When the Supreme Court declared in 2010 that both unions and corporations had a right to buy political ads, that was considered outrageous by the left. President Obama called the decision “devastating” and said it “will open the floodgates for special interests.”

Those unfamiliar with political rhetoric may not know that “special interests” mean people who support your opponents. One’s own organized supporters — such as labor unions supporting President Obama — are never called “special interests.”

All politicians are against “special interests,” by definition. They all want their own supporters to have the right to free speech, but not those individuals and groups so benighted as to support their opponents.

Even in an age of polarization and gridlock, the one area in which it is easy to get bipartisan support in Congress is in passing campaign finance laws, restricting how much money can be spent publicizing political candidates. What Congressional Democrats and Republicans have in common is that they are all incumbents, and they all want to keep their jobs.

Publicity is necessary to win elections, and incumbents get millions of dollars’ worth of free publicity from the media. Incumbents can all pontificate in Congress and be covered by C-SPAN. They can get interviewed on network television, have their pictures in the newspapers, and send out mail to their constituents back home — and none of this costs them a dime.

Congressional staffs, paid by the taxpayers, are supposed to help members of Congress with the burdens of their office, but a major part of their staff’s work is to help get them re-elected.

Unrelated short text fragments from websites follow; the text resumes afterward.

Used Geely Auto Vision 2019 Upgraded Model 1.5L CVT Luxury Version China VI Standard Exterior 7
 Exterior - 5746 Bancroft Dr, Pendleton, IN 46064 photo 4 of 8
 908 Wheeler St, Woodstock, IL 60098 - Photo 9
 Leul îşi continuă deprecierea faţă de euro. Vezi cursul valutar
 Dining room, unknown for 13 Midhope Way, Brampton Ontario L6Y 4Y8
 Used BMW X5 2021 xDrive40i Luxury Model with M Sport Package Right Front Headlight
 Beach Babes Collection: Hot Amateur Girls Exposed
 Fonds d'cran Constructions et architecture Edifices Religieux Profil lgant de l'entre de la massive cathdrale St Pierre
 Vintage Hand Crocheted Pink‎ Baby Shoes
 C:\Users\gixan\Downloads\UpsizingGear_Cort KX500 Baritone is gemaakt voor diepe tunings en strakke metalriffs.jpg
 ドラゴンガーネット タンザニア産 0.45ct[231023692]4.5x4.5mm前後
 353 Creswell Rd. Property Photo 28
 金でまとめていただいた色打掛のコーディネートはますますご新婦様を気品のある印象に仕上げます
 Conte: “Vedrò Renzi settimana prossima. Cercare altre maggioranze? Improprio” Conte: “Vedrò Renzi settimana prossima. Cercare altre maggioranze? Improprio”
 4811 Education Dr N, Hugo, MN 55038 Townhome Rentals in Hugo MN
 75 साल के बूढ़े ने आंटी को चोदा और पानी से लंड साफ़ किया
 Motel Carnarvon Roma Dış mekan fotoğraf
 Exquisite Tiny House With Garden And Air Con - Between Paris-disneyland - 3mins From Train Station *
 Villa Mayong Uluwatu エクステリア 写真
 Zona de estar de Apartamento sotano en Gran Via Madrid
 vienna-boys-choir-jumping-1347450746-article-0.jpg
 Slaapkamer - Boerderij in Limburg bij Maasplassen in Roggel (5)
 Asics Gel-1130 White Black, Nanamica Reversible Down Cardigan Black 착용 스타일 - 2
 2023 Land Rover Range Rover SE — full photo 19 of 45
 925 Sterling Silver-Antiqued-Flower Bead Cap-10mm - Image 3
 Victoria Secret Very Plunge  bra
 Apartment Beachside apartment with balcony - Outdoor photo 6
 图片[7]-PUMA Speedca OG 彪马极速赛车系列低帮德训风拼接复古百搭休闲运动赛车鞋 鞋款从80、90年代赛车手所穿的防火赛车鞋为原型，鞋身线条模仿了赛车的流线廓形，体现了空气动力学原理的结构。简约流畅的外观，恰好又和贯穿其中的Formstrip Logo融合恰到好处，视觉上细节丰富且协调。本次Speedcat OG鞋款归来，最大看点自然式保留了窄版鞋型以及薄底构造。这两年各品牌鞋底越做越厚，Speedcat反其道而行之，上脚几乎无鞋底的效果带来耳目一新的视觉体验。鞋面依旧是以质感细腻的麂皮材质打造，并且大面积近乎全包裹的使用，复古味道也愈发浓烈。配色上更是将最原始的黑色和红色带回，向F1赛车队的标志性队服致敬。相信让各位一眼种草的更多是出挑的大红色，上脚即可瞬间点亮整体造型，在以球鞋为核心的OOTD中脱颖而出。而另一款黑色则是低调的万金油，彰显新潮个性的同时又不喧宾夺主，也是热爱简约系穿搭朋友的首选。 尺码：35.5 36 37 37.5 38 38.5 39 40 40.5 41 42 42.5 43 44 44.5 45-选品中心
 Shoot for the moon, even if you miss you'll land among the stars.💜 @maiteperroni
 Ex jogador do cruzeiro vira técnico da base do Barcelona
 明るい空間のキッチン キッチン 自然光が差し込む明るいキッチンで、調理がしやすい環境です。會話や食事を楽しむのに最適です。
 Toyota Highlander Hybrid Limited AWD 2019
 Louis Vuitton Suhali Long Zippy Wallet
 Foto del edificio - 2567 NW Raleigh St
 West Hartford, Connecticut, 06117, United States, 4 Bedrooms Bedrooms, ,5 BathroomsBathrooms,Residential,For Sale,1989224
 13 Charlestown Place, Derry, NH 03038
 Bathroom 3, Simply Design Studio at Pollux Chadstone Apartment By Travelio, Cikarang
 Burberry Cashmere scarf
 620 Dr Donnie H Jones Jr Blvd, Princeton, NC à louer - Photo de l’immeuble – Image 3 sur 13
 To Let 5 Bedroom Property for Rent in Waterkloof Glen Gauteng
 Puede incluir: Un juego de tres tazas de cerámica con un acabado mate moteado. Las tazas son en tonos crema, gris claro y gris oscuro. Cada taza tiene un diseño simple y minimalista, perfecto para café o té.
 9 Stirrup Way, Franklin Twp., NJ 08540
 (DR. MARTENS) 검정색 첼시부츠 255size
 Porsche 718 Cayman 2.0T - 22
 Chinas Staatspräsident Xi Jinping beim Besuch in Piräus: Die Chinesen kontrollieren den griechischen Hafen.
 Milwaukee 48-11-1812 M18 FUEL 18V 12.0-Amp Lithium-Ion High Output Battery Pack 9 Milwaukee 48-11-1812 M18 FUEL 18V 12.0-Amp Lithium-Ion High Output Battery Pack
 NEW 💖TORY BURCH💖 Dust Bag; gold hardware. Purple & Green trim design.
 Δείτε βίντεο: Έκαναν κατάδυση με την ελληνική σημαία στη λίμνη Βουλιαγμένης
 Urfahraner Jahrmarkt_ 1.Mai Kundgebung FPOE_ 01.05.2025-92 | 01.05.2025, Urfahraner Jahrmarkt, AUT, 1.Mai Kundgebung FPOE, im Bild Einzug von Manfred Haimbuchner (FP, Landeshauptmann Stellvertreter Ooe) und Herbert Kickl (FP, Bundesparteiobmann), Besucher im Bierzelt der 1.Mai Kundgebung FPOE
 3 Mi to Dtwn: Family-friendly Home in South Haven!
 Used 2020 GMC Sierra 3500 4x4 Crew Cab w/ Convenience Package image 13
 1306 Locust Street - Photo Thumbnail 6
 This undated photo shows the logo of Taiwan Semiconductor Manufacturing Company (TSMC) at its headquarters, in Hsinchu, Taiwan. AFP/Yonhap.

That’s not just during campaign years. Everything members of Congress do is done with an eye toward re-election.

Any outsider who wants to challenge an incumbent at the next Congressional election has to pay hard cash to buy ads and arrange other forms of publicity, in order just to get some comparable amount of name-recognition, so as to have any serious chance of winning an election against an incumbent.

Few people have the kind of money it takes for such a campaign, so they have to raise money — in the millions of dollars — to pay for what incumbents get free of charge.

Campaign finance laws that restrict who can contribute how much money, who can run political ads, etc., are all restrictions on political challengers who have to buy their own publicity.

If truth-in-packaging laws applied to Congress, a campaign finance law would have to be labeled an “Incumbents Protection Act.”

The very high rate of incumbent re-elections, even while polls show the public disgusted with Congress in general, shows how well incumbents are protected.

The media are accessories to this scam. So long as the information and opinions that reach the public are selected by mainstream media people, whom polls show to be overwhelmingly on the left, the left’s view of the world prevails.

Hence the great alarm in the media, and in equally one-sided academia, over the emergence of conservative talk radio programs and the Fox News Channel on television.

No longer can the three big broadcast television networks determine what the public will and will not see, nor two or three leading newspapers determine what is and is not news. Nobody wants to give up that kind of power.

When businesses that are demonized in the mainstream media, and in academia, can buy ads to present their side of the story, that is regarded in both the media and academia as distortion. At the very least, it can cost the left their self-awarded halo.

It is fascinating to see how some people — in both politics and the media — can depict their own narrow self-interest as a holy crusade for the greater good of society. The ability of the human mind to rationalize is one of the wonders of the world.